What is needed: The answer should consist solely of the lines from the first one below through the line containing "Qazqa Pendelleuchte Shelf, ohne", copied exactly.

Items listed in a dataset
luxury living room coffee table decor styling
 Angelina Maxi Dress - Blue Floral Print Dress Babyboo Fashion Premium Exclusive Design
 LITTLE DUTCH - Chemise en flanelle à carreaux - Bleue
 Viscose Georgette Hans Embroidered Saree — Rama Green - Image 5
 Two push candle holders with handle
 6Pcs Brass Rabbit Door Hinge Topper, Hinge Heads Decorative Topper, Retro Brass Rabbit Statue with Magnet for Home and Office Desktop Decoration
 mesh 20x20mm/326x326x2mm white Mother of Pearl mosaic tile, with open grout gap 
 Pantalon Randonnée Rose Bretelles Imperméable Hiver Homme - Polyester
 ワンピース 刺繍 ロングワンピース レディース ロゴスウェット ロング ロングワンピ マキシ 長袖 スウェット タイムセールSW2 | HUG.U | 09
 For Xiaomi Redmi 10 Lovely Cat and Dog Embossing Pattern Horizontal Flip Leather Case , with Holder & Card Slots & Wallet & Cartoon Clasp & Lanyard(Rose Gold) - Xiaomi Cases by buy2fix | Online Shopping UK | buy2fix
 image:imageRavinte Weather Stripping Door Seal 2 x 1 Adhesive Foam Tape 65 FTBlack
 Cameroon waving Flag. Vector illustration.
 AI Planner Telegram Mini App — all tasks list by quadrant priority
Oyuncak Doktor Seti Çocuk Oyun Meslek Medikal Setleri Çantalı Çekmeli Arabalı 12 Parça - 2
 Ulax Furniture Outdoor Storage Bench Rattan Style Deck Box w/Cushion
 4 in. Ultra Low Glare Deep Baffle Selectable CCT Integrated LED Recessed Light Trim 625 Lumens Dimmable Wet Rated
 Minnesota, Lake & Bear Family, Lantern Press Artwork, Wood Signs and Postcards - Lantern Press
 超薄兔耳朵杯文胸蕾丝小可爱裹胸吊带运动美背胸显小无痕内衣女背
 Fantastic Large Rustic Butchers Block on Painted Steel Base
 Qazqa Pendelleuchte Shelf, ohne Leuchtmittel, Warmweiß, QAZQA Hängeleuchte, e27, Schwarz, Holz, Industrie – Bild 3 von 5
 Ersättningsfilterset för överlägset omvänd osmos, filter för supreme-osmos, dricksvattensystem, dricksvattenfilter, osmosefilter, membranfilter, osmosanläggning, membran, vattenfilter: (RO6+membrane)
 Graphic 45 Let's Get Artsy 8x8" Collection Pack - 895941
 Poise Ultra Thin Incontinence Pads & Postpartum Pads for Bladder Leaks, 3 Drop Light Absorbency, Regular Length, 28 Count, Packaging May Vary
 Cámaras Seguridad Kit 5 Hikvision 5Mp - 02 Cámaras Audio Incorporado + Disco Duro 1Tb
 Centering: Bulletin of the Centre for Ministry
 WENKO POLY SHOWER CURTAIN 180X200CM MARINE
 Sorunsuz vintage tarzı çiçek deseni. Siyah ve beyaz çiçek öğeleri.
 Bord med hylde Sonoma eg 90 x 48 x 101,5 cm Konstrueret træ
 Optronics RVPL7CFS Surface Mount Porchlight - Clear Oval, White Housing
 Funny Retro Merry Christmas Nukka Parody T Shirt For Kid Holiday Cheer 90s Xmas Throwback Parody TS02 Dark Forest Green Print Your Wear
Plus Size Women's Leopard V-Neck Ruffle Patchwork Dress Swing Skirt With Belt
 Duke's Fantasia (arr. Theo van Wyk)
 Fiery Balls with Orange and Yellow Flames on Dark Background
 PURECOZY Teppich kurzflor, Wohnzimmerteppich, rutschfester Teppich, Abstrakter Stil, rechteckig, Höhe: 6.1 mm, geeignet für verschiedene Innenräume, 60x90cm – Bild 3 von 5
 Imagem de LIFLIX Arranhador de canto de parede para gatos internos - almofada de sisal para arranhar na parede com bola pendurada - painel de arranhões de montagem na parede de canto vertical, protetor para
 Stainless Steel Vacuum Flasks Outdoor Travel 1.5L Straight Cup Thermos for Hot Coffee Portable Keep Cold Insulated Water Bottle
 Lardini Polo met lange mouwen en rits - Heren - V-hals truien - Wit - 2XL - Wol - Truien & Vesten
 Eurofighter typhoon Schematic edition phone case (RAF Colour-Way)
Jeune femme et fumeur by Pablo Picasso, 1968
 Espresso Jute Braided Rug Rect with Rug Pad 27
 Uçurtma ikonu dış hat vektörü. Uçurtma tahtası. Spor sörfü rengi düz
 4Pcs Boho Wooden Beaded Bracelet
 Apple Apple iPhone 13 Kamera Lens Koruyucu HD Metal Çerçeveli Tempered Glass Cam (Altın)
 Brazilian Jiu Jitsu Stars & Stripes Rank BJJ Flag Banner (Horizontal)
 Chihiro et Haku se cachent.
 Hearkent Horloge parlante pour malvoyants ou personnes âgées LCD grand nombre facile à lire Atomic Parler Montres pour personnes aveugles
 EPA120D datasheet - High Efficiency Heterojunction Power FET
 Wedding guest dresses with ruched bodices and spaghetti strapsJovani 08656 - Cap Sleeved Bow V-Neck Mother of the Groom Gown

Problem solution:
luxury living room coffee table decor styling
 Angelina Maxi Dress - Blue Floral Print Dress Babyboo Fashion Premium Exclusive Design
 LITTLE DUTCH - Chemise en flanelle à carreaux - Bleue
 Viscose Georgette Hans Embroidered Saree — Rama Green - Image 5
 Two push candle holders with handle
 6Pcs Brass Rabbit Door Hinge Topper, Hinge Heads Decorative Topper, Retro Brass Rabbit Statue with Magnet for Home and Office Desktop Decoration
 mesh 20x20mm/326x326x2mm white Mother of Pearl mosaic tile, with open grout gap 
 Pantalon Randonnée Rose Bretelles Imperméable Hiver Homme - Polyester
 ワンピース 刺繍 ロングワンピース レディース ロゴスウェット ロング ロングワンピ マキシ 長袖 スウェット タイムセールSW2 | HUG.U | 09
 For Xiaomi Redmi 10 Lovely Cat and Dog Embossing Pattern Horizontal Flip Leather Case , with Holder & Card Slots & Wallet & Cartoon Clasp & Lanyard(Rose Gold) - Xiaomi Cases by buy2fix | Online Shopping UK | buy2fix
 image:imageRavinte Weather Stripping Door Seal 2 x 1 Adhesive Foam Tape 65 FTBlack
 Cameroon waving Flag. Vector illustration.
 AI Planner Telegram Mini App — all tasks list by quadrant priority
Oyuncak Doktor Seti Çocuk Oyun Meslek Medikal Setleri Çantalı Çekmeli Arabalı 12 Parça - 2
 Ulax Furniture Outdoor Storage Bench Rattan Style Deck Box w/Cushion
 4 in. Ultra Low Glare Deep Baffle Selectable CCT Integrated LED Recessed Light Trim 625 Lumens Dimmable Wet Rated
 Minnesota, Lake & Bear Family, Lantern Press Artwork, Wood Signs and Postcards - Lantern Press
 超薄兔耳朵杯文胸蕾丝小可爱裹胸吊带运动美背胸显小无痕内衣女背
 Fantastic Large Rustic Butchers Block on Painted Steel Base
 Qazqa Pendelleuchte Shelf, ohne Leuchtmittel, Warmweiß, QAZQA Hängeleuchte, e27, Schwarz, Holz, Industrie – Bild 3 von 5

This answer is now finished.